The post-quantum theory of gravity is an innovative model that brings together the theory of relativity and quantum physics and reconciles their fundamental principles.
A revolutionary theory of gravity could unite two previously irreconcilable areas of physics. It could provide new answers to some of the universe’s greatest mysteries.
This innovative paradigm opens the way to a new phase of critical exploration and a profound renewal of the fundamental principles of physics, redefining the way we conceive of space-time.
The postquantum theory of gravity
For decades, one of the great mysteries of modern physics has been how to reconcile Einstein’s theory of general relativity, which describes gravity and the structure of spacetime, with quantum mechanics, which governs subatomic particle behaviour.
Although both theories have been rigorously tested and refined over time, they have always resisted attempts at unification, even challenging prominent figures such as Stephen Hawking and Einstein himself. Attempts such as string theory and loop quantum gravity have explored the idea of spacetime as a quantum network composed of ‘units’ (bits) of quantum information.
A team of physicists at Queen Mary University of London, led by Professor Ginestra Bianconi, recently presented an innovative approach. Instead of quantising gravity, they propose to redefine quantum mechanics itself. Their post-quantum theory of gravity retains the classical concept of spacetime formulated by Einstein, but makes changes to quantum mechanics to make it compatible with gravity.
This new paradigm challenges traditional ideas about space-time and the quantisation of gravity. It opens up a crucial debate about the future of physics.
The implications of this approach could be profound. The theory could affect the accuracy with which we calculate the weight of objects, the lifetime of atoms and other quantum phenomena. However, because it is still in its infancy, post-quantum gravity faces many challenges, including a lack of experimental evidence. Researchers are actively working to develop experiments that can test the predictions of this new perspective.
A theory to rewrite the laws of the cosmos
Although general relativity remains the most accurate model for describing gravity, it cannot explain mysterious phenomena such as dark matter and dark energy, which make up about 95% of the total energy in the universe. Only the remaining 5% is made up of ordinary matter, which current theories can describe more accurately.
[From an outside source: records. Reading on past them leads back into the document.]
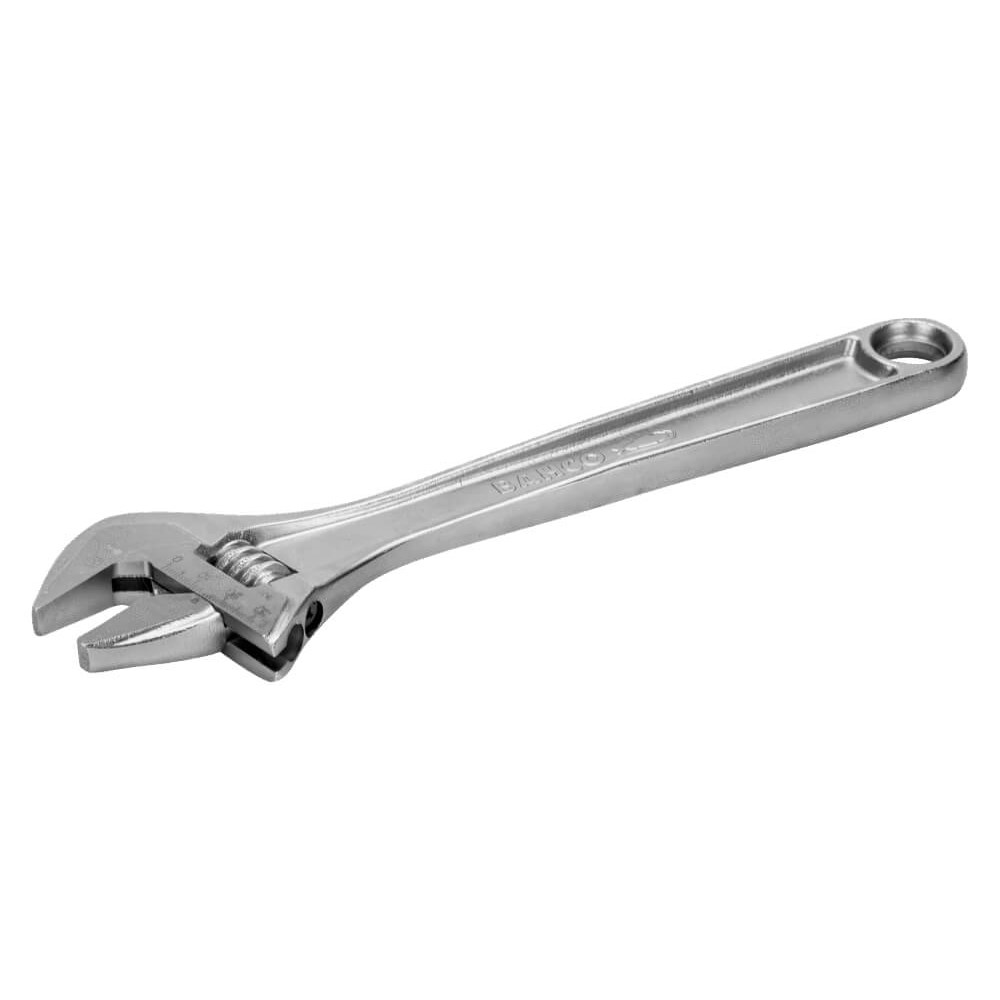 BAH8074C - Adjustable Wrench  Chrome  380mm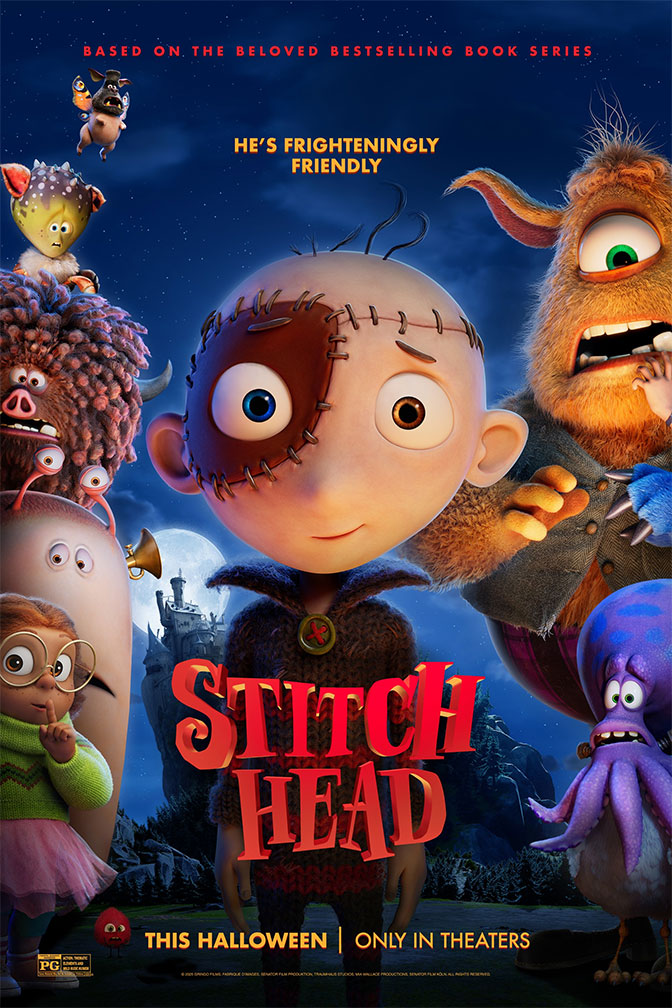Film poster for Stitch Head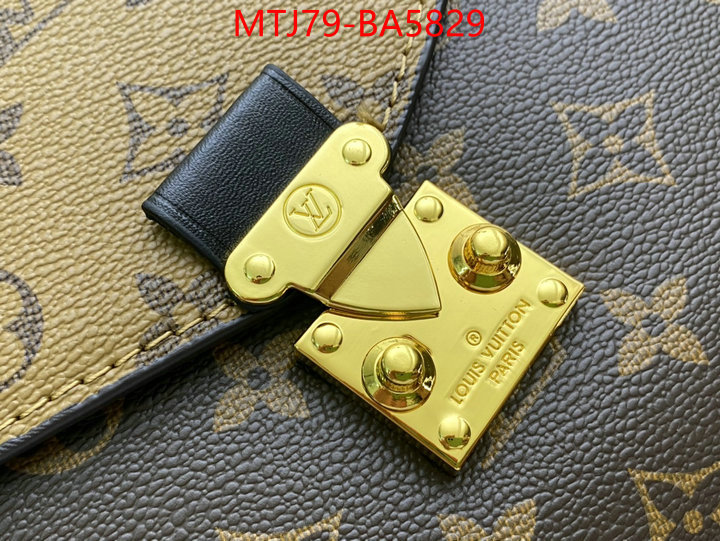 LV Bags(4A)-Pochette MTis Bag- wholesale replica shop ID: BA5829 $: 79USD,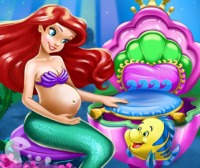 Pregnant Ariel Maternity Decoration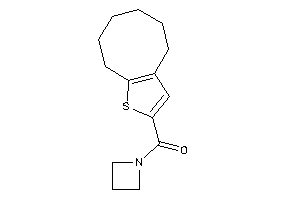 Azetidin-1-yl(4,5,6,7,8,9-hexahydrocycloocta[b]thiophen-2-yl)methanone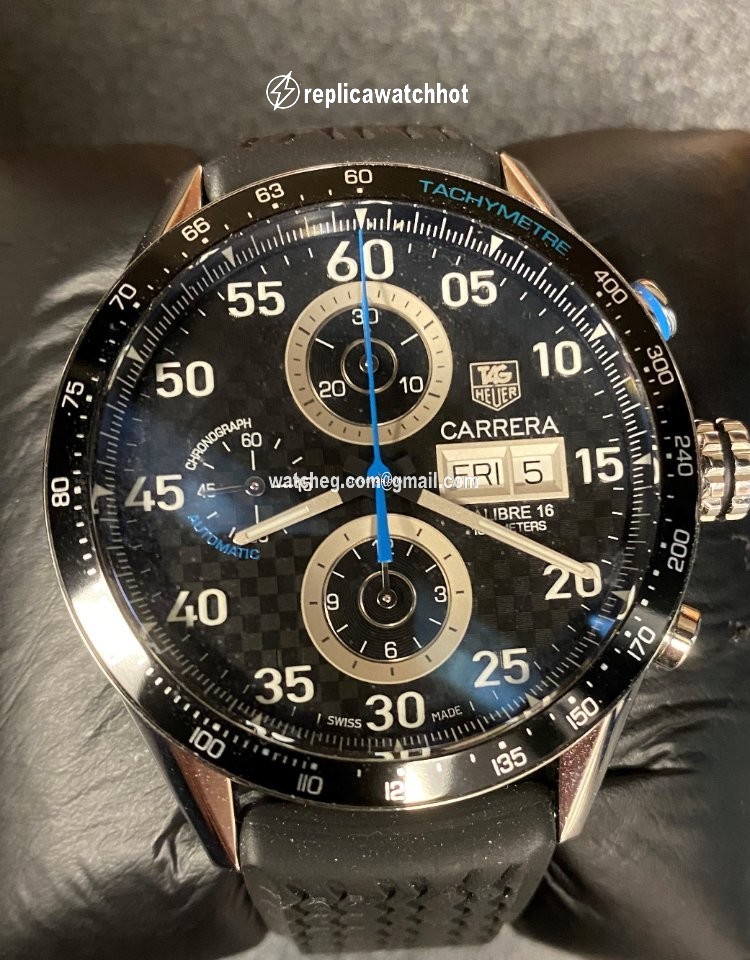 TAG Heuer Carrera Calibre 16 Mens watch Unisex Automatic Steel CV2A16 3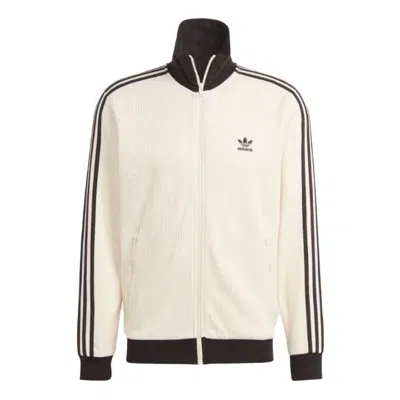 ADIDAS ORIGINALS adidas Waffle Beckenbauer Track Jacket 'Wonder White'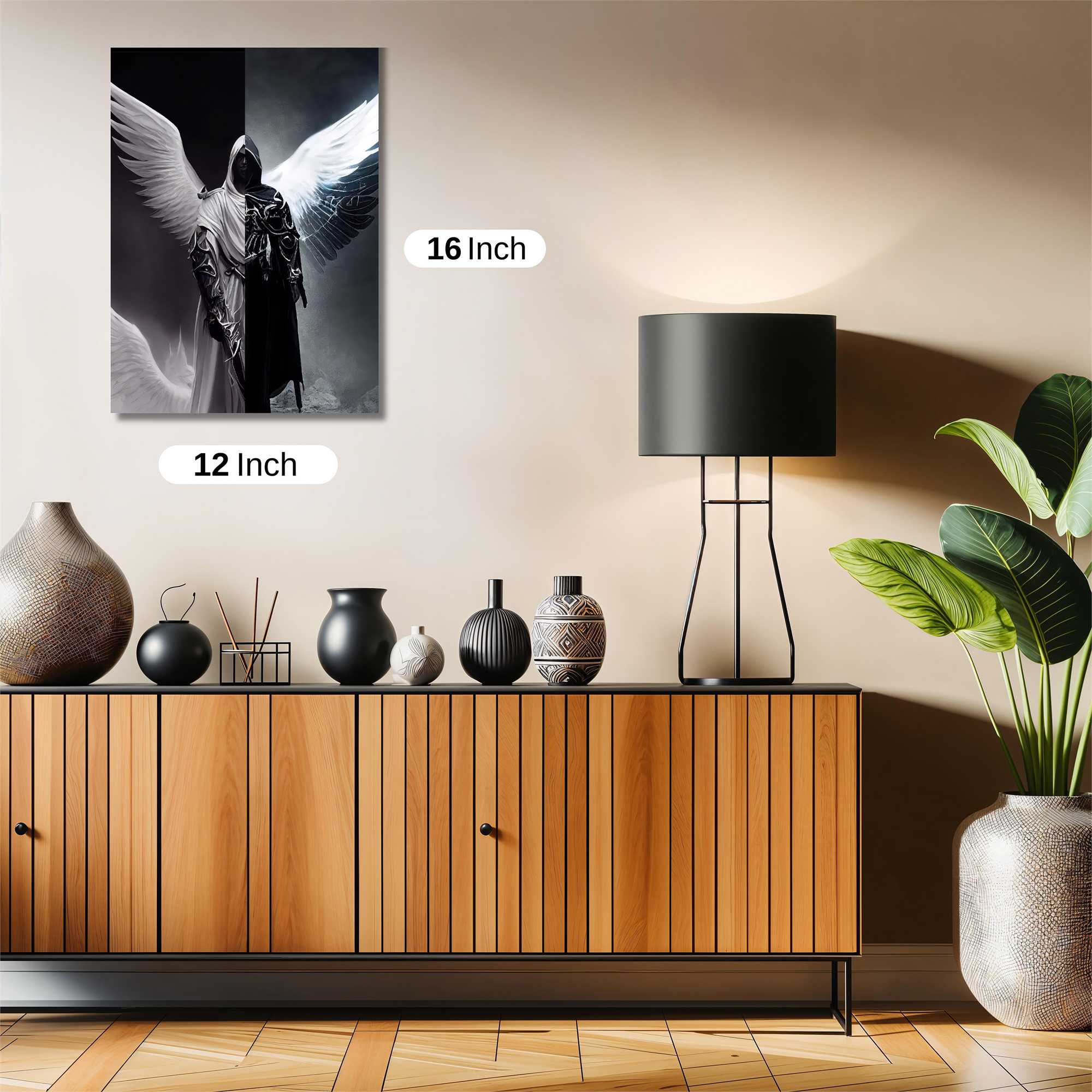 Angel Duality Safe Wall Magnetic / M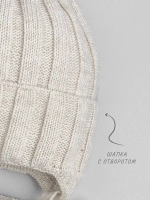 Шапка и снуд для девочек на осень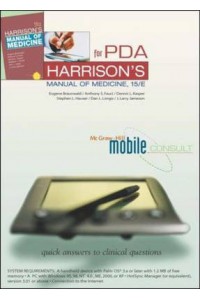 Harrison's Manual of Medicine 15e CD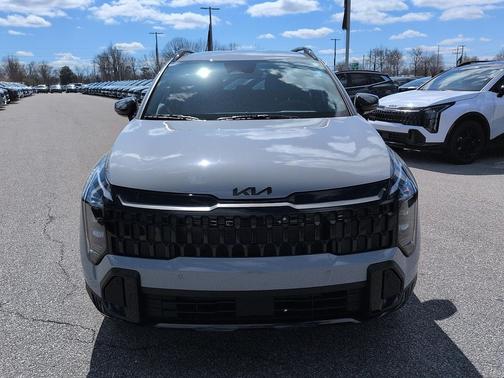 Wolf Gray 2026 Kia Sportage X-Line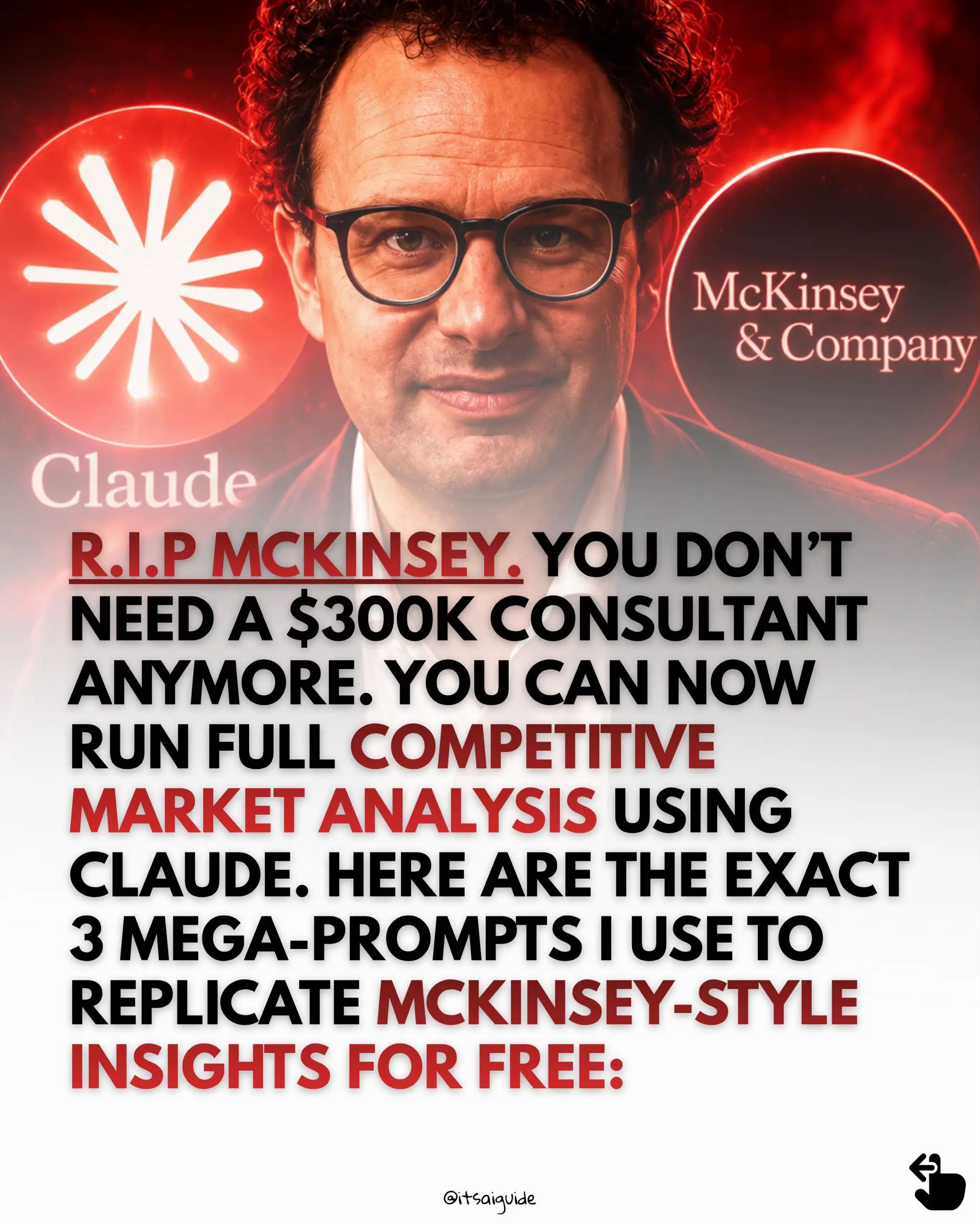 You’re not replacing McKinsey with fluff. You’re replacing $300K decks with ruth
A new theoretical framework proposes the introduction of a positive cosmological constant of small value, which could better explain the accelerated expansion of the universe attributed to dark energy. At the same time, it hypothesises the existence of a ‘G-field‘ that could explain the gravitational influence of dark matter.
At low energies and in regions of space with less gravitational curvature, this theory reproduces the equations of general relativity. But it goes further, making predictions that could be tested by future cosmological observations.
The theory is still in its infancy. However, the importance of its potential implications for understanding the universe makes it a particularly promising area of research.
The research, led by Professor Ginestra Bianconi and published in the journal Physical Review D on 3 March, represents a major step towards unifying the two fundamental theories of physics. If confirmed, this new perspective on gravity could shed light on the deepest mysteries of the cosmos and mark one of the most important advances in theoretical physics in recent decades.